- _LISTED RECORDS_

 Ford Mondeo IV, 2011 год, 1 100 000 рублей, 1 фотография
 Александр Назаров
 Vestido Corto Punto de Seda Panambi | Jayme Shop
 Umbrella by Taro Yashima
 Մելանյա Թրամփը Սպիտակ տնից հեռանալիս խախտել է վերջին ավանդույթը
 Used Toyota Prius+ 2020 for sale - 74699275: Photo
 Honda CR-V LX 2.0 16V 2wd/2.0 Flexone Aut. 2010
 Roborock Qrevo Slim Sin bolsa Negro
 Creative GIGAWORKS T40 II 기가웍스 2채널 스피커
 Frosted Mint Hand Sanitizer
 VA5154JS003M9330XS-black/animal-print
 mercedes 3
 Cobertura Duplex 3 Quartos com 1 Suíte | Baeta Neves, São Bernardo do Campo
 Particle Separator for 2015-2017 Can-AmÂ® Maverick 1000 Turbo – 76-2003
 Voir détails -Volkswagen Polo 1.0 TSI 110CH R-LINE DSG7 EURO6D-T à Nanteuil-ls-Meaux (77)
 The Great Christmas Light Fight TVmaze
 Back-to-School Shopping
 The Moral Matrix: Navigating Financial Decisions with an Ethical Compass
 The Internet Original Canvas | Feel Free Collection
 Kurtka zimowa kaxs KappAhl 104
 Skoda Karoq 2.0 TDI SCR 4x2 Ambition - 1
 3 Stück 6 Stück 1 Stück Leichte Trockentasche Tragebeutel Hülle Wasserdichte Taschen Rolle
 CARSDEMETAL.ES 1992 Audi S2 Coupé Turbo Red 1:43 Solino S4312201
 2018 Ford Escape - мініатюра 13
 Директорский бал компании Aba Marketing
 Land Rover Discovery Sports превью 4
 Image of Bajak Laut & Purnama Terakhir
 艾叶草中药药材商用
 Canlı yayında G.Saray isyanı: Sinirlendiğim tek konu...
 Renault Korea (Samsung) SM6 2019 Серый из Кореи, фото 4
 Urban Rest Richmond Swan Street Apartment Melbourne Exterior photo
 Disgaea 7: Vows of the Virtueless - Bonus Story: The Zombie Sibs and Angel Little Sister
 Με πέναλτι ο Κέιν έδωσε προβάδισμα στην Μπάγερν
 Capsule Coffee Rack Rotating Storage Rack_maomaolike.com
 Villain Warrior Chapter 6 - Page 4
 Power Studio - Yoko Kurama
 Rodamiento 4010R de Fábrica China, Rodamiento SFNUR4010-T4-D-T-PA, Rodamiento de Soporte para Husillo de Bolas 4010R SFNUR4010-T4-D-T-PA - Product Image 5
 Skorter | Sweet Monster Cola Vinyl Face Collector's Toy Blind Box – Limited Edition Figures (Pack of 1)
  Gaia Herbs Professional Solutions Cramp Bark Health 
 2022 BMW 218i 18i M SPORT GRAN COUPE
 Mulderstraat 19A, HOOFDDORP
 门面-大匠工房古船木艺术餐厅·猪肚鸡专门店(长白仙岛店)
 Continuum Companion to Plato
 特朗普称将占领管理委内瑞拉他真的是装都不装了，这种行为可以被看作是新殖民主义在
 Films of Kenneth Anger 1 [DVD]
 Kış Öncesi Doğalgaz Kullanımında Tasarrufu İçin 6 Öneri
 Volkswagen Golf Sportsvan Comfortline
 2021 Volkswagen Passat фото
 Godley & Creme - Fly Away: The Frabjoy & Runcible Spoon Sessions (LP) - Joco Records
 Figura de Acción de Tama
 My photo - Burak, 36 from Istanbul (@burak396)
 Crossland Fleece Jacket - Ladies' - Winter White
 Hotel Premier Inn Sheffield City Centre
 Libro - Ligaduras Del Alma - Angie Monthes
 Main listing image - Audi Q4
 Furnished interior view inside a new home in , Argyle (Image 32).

- _EXERCISE GOAL_
From the opening line of the data above, please print each line as written up to and including the line that contains "3 Stück 6 Stück", and nothing more.

- _REPLY_
 Ford Mondeo IV, 2011 год, 1 100 000 рублей, 1 фотография
 Александр Назаров
 Vestido Corto Punto de Seda Panambi | Jayme Shop
 Umbrella by Taro Yashima
 Մելանյա Թրամփը Սպիտակ տնից հեռանալիս խախտել է վերջին ավանդույթը
 Used Toyota Prius+ 2020 for sale - 74699275: Photo
 Honda CR-V LX 2.0 16V 2wd/2.0 Flexone Aut. 2010
 Roborock Qrevo Slim Sin bolsa Negro
 Creative GIGAWORKS T40 II 기가웍스 2채널 스피커
 Frosted Mint Hand Sanitizer
 VA5154JS003M9330XS-black/animal-print
 mercedes 3
 Cobertura Duplex 3 Quartos com 1 Suíte | Baeta Neves, São Bernardo do Campo
 Particle Separator for 2015-2017 Can-AmÂ® Maverick 1000 Turbo – 76-2003
 Voir détails -Volkswagen Polo 1.0 TSI 110CH R-LINE DSG7 EURO6D-T à Nanteuil-ls-Meaux (77)
 The Great Christmas Light Fight TVmaze
 Back-to-School Shopping
 The Moral Matrix: Navigating Financial Decisions with an Ethical Compass
 The Internet Original Canvas | Feel Free Collection
 Kurtka zimowa kaxs KappAhl 104
 Skoda Karoq 2.0 TDI SCR 4x2 Ambition - 1
 3 Stück 6 Stück 1 Stück Leichte Trockentasche Tragebeutel Hülle Wasserdichte Taschen Rolle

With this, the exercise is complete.